[How to complete this task]:
Your answer should be an exact copy of the lines from the one holding "スターバックス スタバ タンブラー" to the end of the material below, pictures left out.

==============================

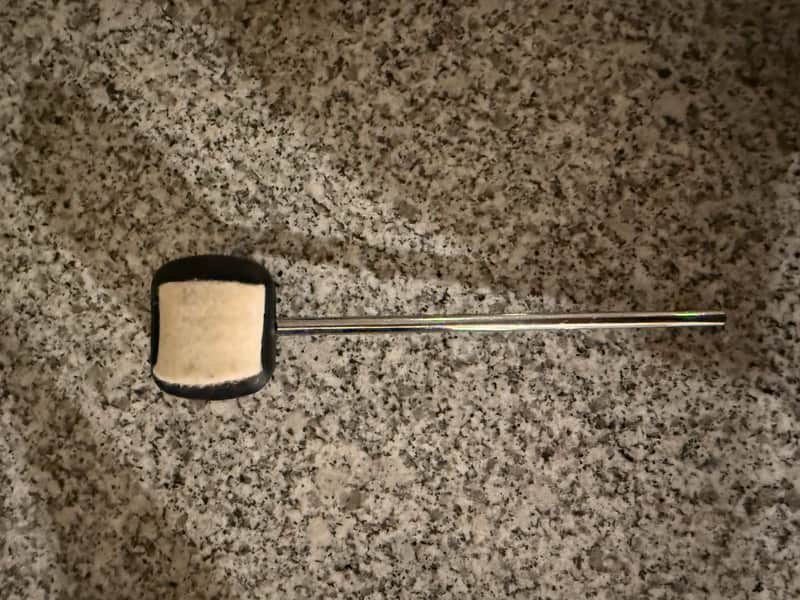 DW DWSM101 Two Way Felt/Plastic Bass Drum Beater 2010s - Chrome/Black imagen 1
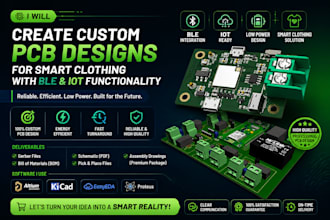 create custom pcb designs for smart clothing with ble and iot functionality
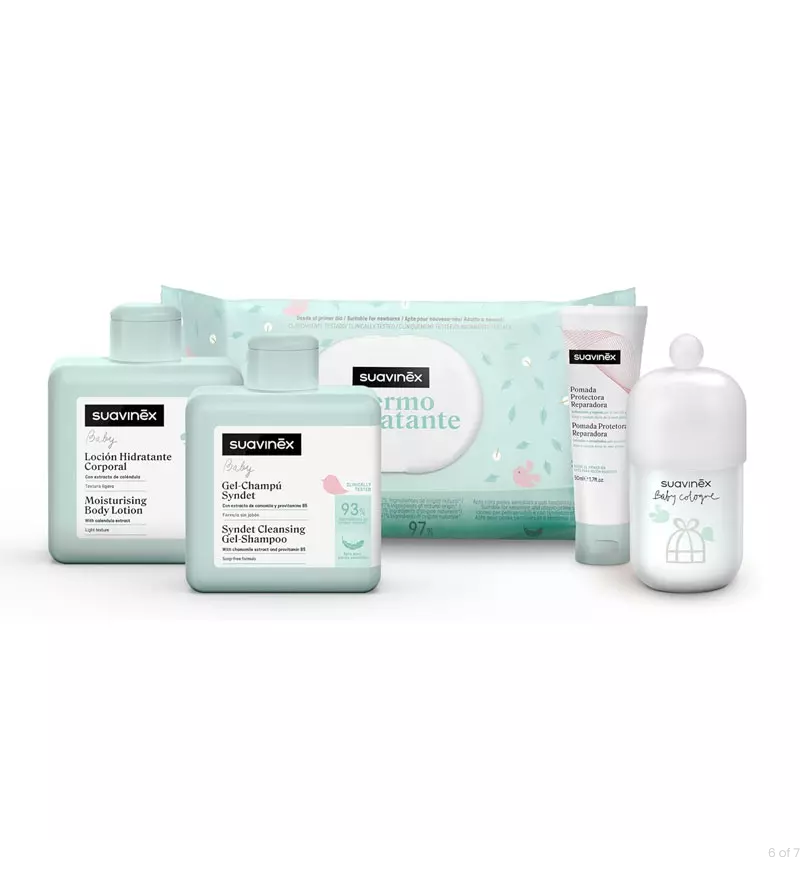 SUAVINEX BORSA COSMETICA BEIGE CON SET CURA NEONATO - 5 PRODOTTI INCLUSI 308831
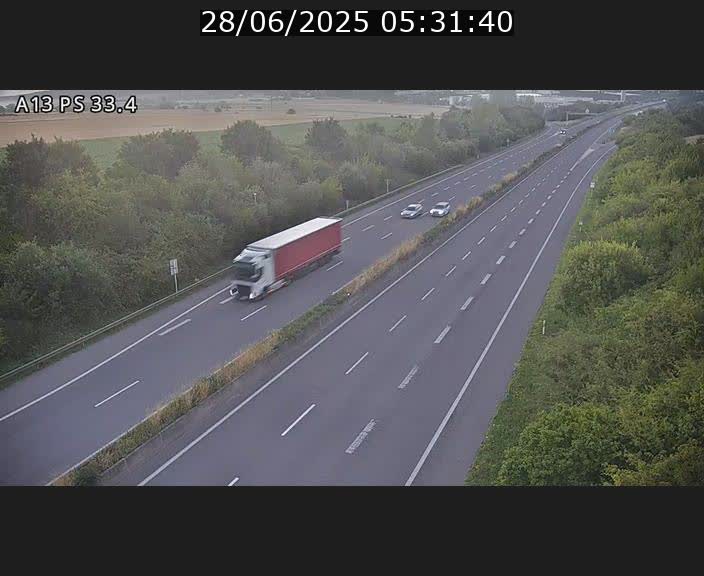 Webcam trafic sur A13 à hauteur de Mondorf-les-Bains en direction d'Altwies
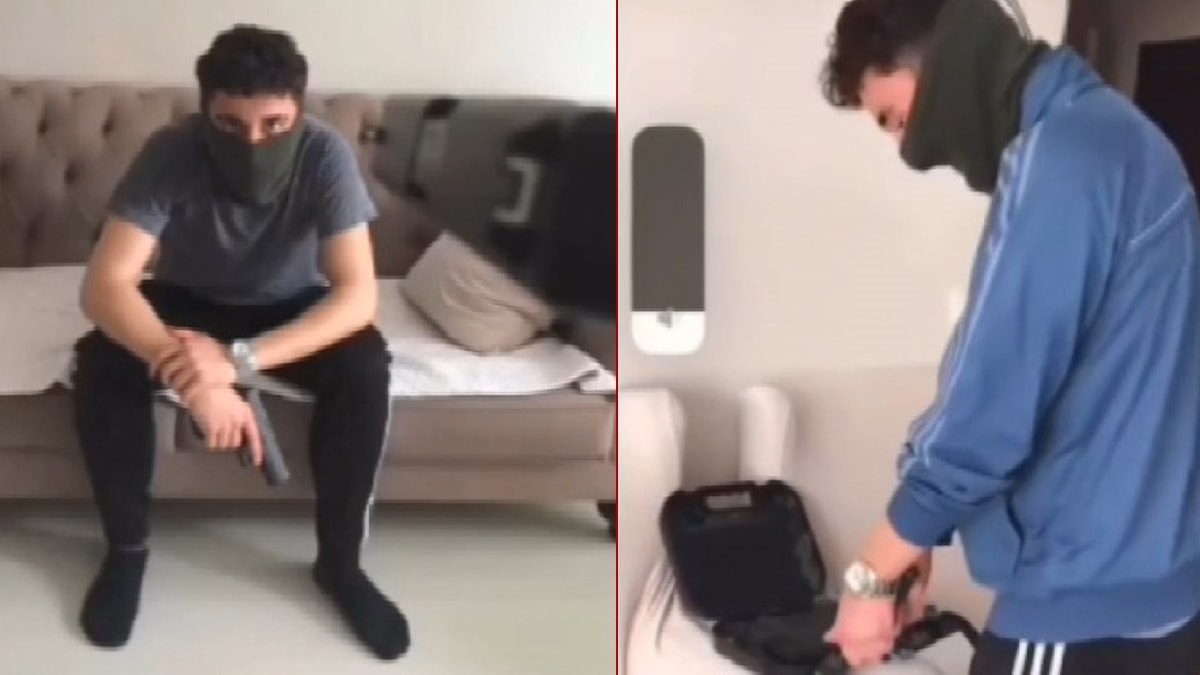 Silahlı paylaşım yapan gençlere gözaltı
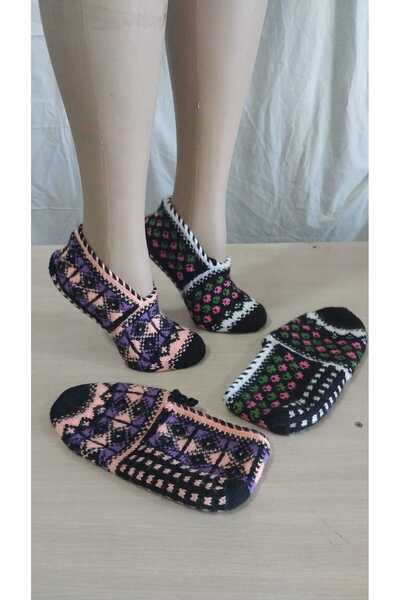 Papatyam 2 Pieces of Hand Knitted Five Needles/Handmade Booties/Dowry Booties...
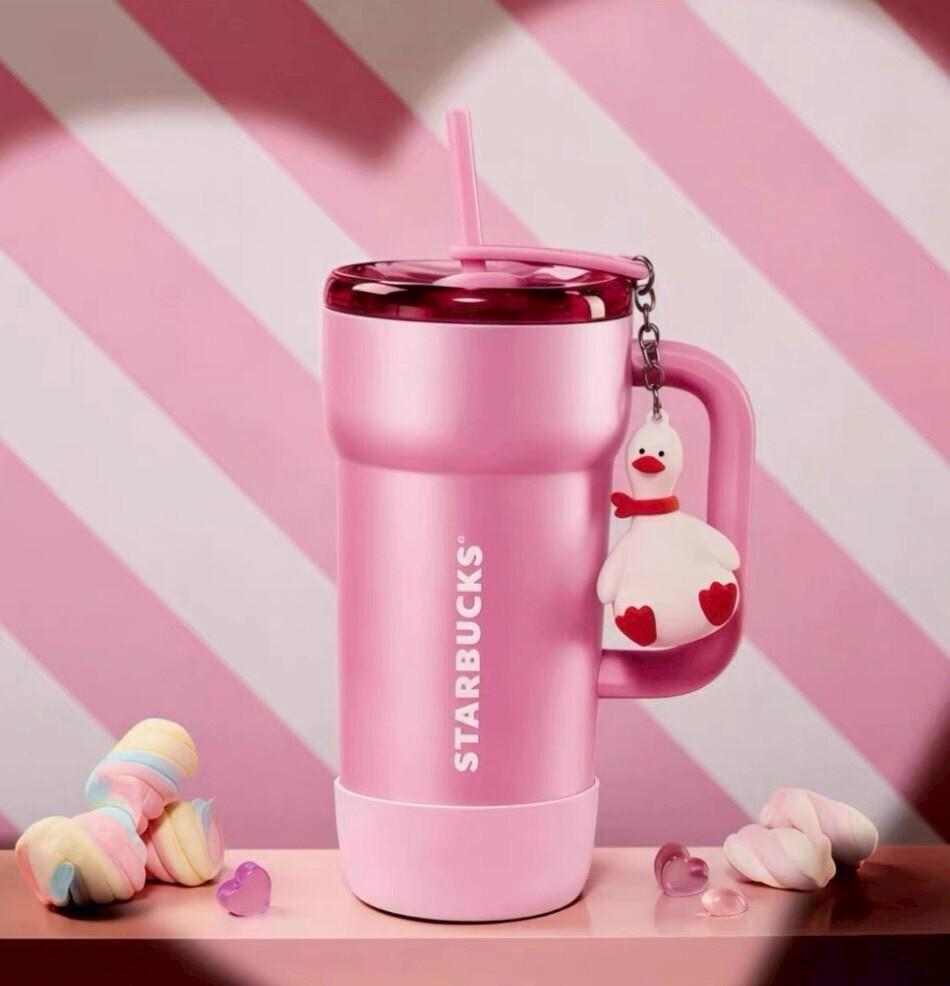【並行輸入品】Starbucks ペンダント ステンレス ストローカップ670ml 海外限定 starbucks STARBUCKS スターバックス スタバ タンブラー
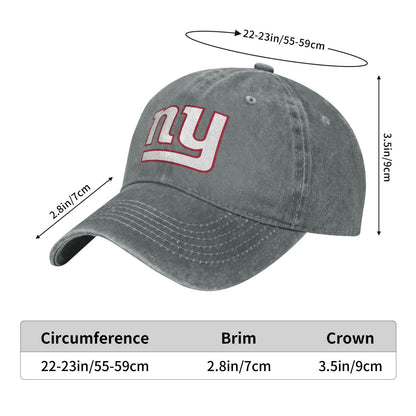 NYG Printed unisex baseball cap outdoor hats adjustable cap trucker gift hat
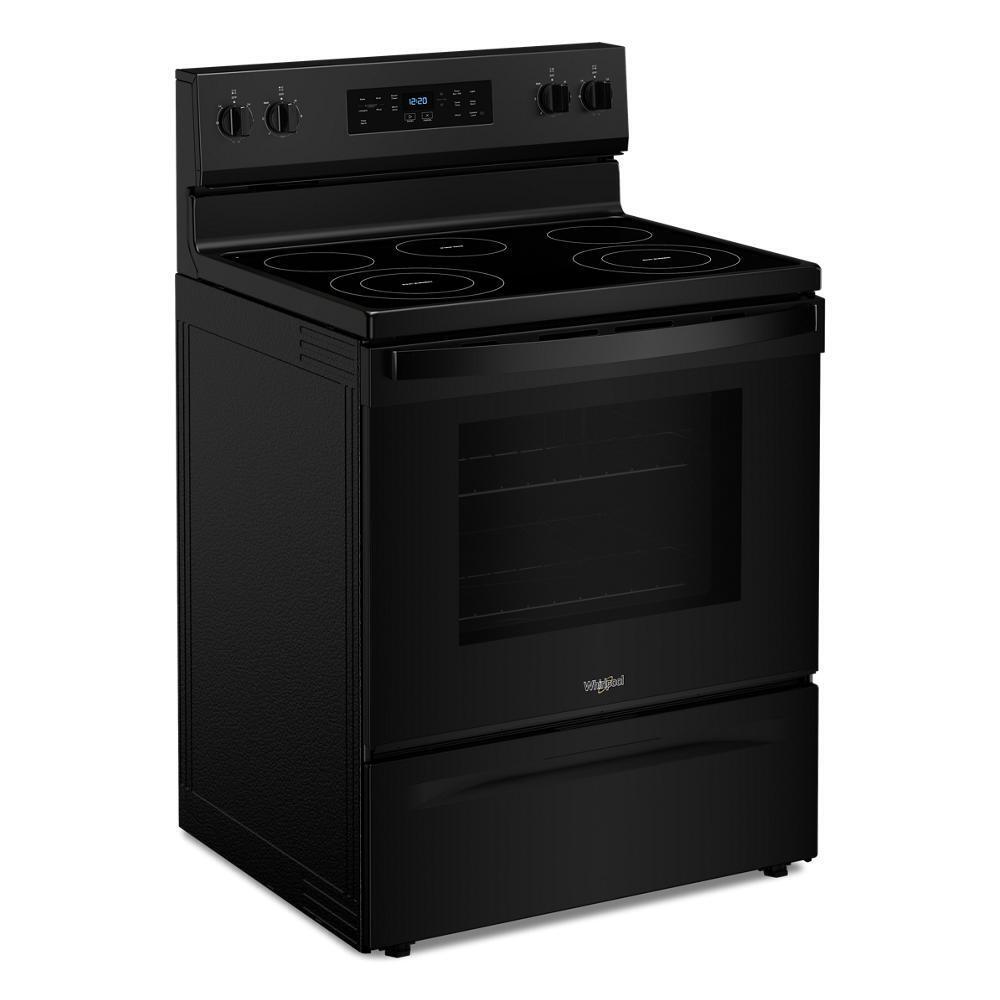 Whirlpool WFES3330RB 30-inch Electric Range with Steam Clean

==============================

[Solution]:
【並行輸入品】Starbucks ペンダント ステンレス ストローカップ670ml 海外限定 starbucks STARBUCKS スターバックス スタバ タンブラー
 NYG Printed unisex baseball cap outdoor hats adjustable cap trucker gift hat
 Whirlpool WFES3330RB 30-inch Electric Range with Steam Clean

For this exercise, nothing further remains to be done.